A spokesman for Roy Blunt, R-Mo., who leads the GOP health group, said Republican leaders aim to have a bill ready by the time House Democrats bring their own plan to the floor next month.

The Republican plan, according to the outline, will focus on expanding insurance coverage in part by allowing states to jointly regulate private insurance plans and allowing small businesses to join in partnerships to buy coverage for their employees. Both individuals and small businesses would receive new tax deductions and tax credits — in unspecified amounts — to help cover insurance premiums.

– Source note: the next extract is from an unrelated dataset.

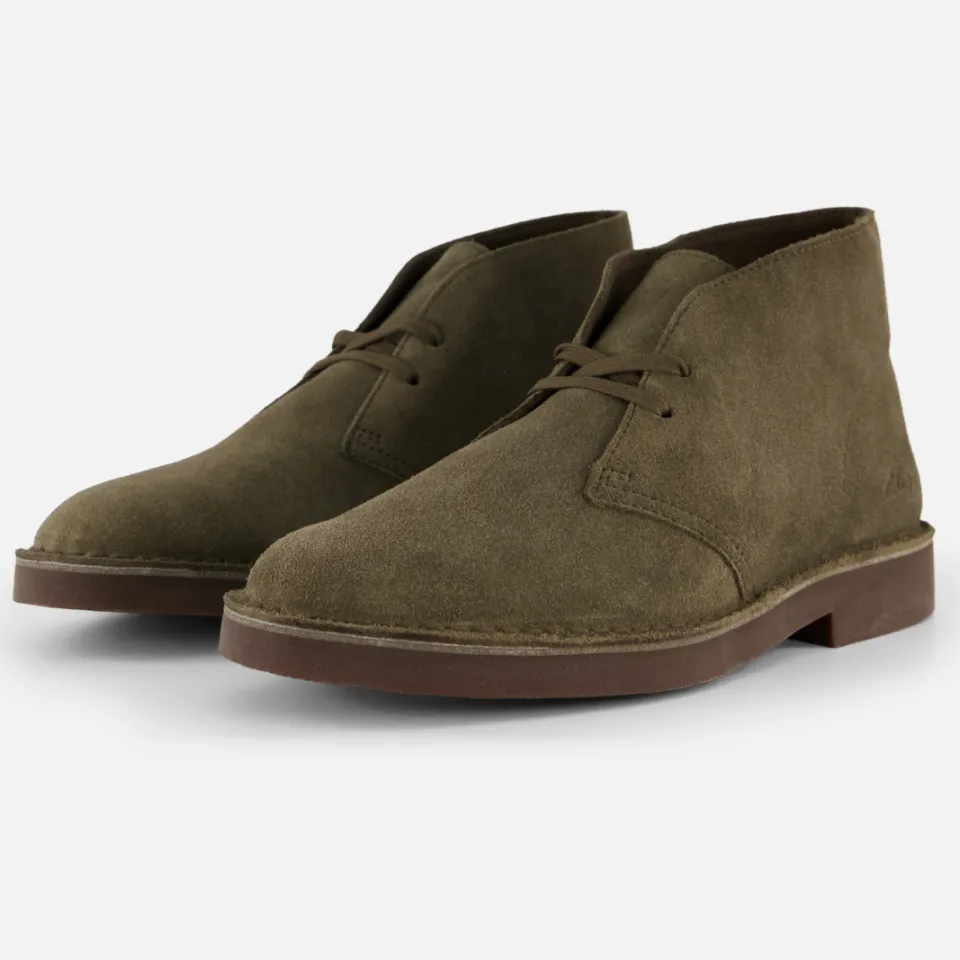 Clarks Desert Evo veterboots khaki, foto 2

Wednesday’s outline draws heavily from Republican legislative proposals in past Congresses, including limits on medical malpractice lawsuits, expansion of health savings accounts and steps to make the prices of medical procedures and insurance coverage more transparent.

A House GOP aide involved in discussions on health legislation said the aim is to give states and businesses more flexibility in regulating and buying insurance without creating new mandates on insurers that Democrats have included in their legislation, including requirements that insurers cover people with pre-existing conditions, provide a minimum level of benefits or limit differences in premiums for older or sicker people.

The aide said Republicans believe that increasing competition in private insurance markets would make such mandates unnecessary.

Republicans said they would reduce the number of uninsured people — now estimated at about 46 million — by as much as 7 million simply by allowing children to stay on their parents’ insurance plans until age 25. They also propose allowing people on Medicaid and the Children’s Health Insurance Program to convert the value of their coverage into a voucher to buy private insurance.

Costs: To Be Determined

Republicans said they didn’t know how much their plans would cost, and they proposed no way of paying for its provisions, except for a crackdown on fraud and waste in Medicare. But they vowed that their bill would cost less than the $1 trillion over 10 years that Democrats are contemplating. Republican leaders have, however, rejected one way to pay for an overhaul: by taxing any portion of workers’ health benefits.

“Right now there’s very little enthusiasm on my part to try to argue that’s a winning position,” said Michael C. Burgess of Texas, another member of the Republican health policy group. He noted that President Obama heavily criticized his opponent, Sen. John McCain, R-Ariz., in last year’s election for making such a proposal.

“They took it off the table for all of us, in my opinion,” Burgess said. He said he would prefer selling oil rights in the Arctic National Wildlife Refuge and on the outer continental shelf.

Boustany and Burgess said the Republicans’ proposal had been slowed by a problem plaguing lawmakers in both parties struggling with health care solutions. Congress’ legislative counsel’s office, which turns policy into legislative language, and the Congressional Budget Office, which estimates how much the policy will cost, are both swamped by health overhaul proposals.

Burgess said it had taken Republicans two months to get a first draft of their bill from the legislative counsel’s office. He stayed up with his staff until 3 a.m. Wednesday reviewing the language, he said.